== Recorded information ==

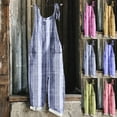 thumbnail image 1 of Gifts for Women! Xuniizn Jumpsuits for Women Summer Casual Loose Round Neck Spaghetti Strap Wide Leg Beach Rompers with Pockets Breathable Checkered Overalls, 1 of 6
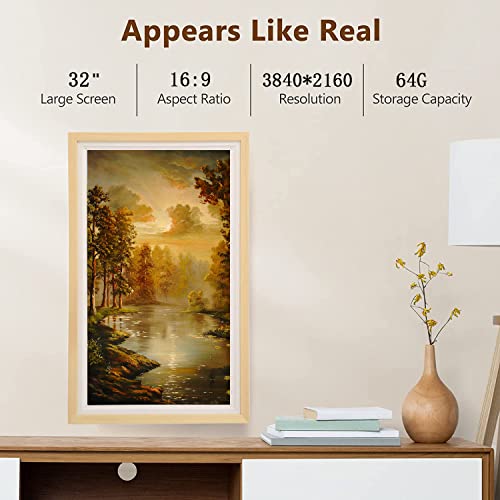 Koho 32-Inch Digital Picture Frames, 4K Hd Large Screen Display With Wooden Frame, Built In 64Gb Storage, 2.4Ghz/5Ghz Dual Band Wifi, Support Usb For Fine Painting, Wall Art, Personal Photos & Videos #TOP1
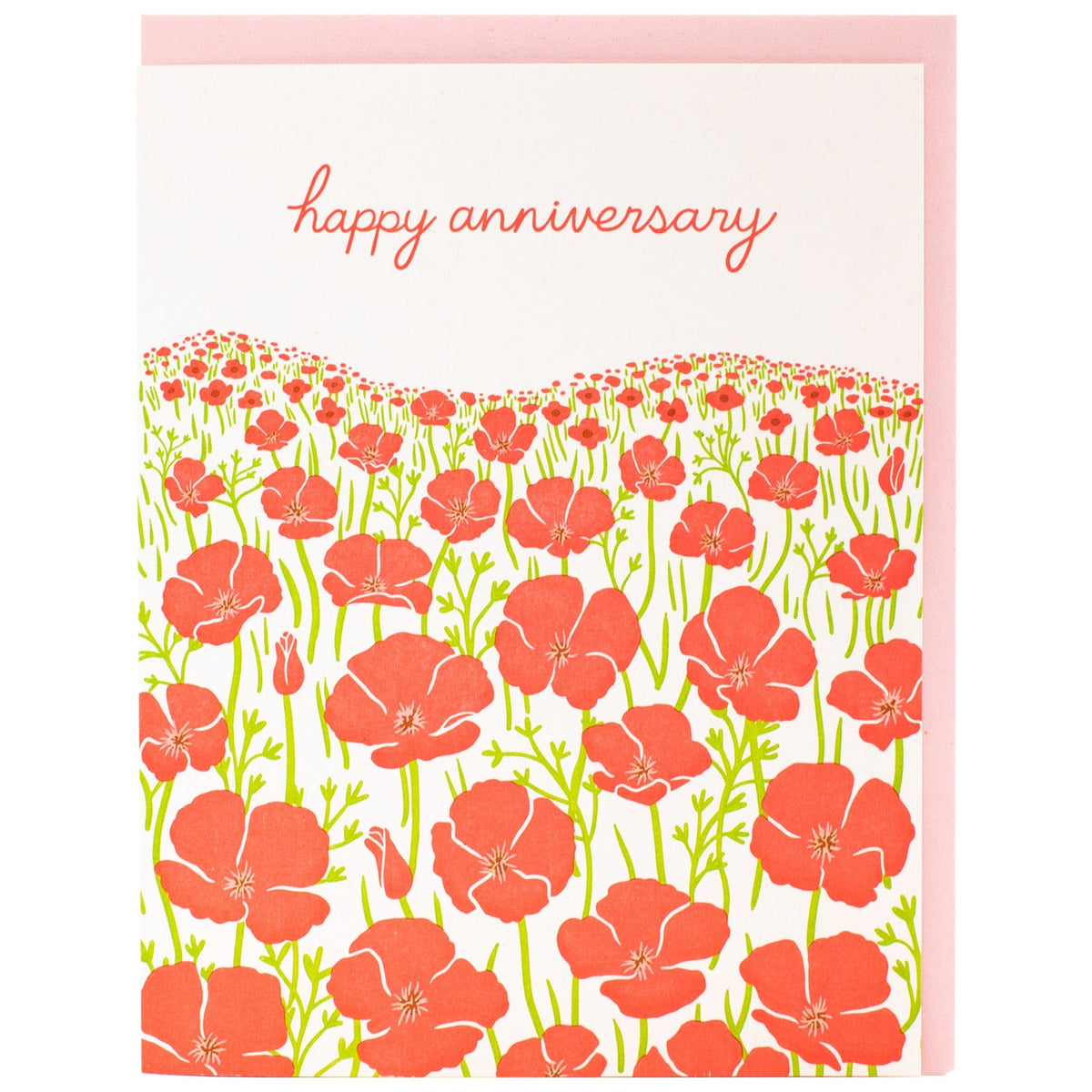 Field of Poppies Anniversary Card | Letterpress Cards | Smudge Ink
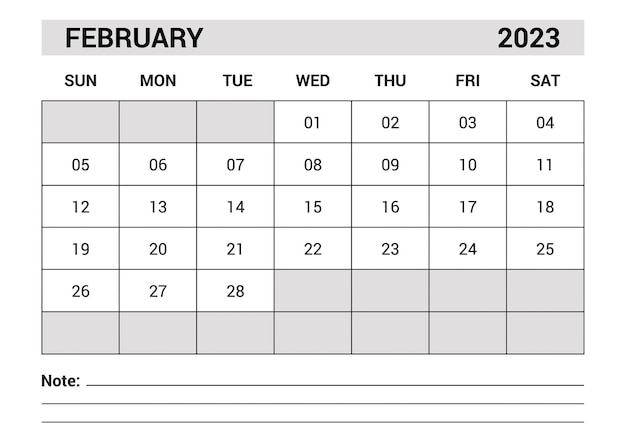 A4 bedrijfskalender sjabloonontwerp planning maand februari 2023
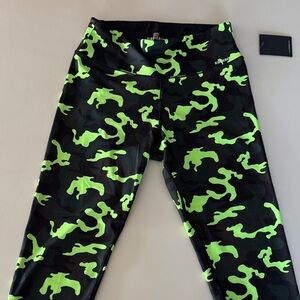 Spyder Kids' Vibrant Green and Black Leggings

===

Required action | Retype the records above exactly, and keep any picture out of what you write.

Your solution |
 thumbnail image 1 of Gifts for Women! Xuniizn Jumpsuits for Women Summer Casual Loose Round Neck Spaghetti Strap Wide Leg Beach Rompers with Pockets Breathable Checkered Overalls, 1 of 6
 Koho 32-Inch Digital Picture Frames, 4K Hd Large Screen Display With Wooden Frame, Built In 64Gb Storage, 2.4Ghz/5Ghz Dual Band Wifi, Support Usb For Fine Painting, Wall Art, Personal Photos & Videos #TOP1
 Field of Poppies Anniversary Card | Letterpress Cards | Smudge Ink
 A4 bedrijfskalender sjabloonontwerp planning maand februari 2023
 Spyder Kids' Vibrant Green and Black Leggings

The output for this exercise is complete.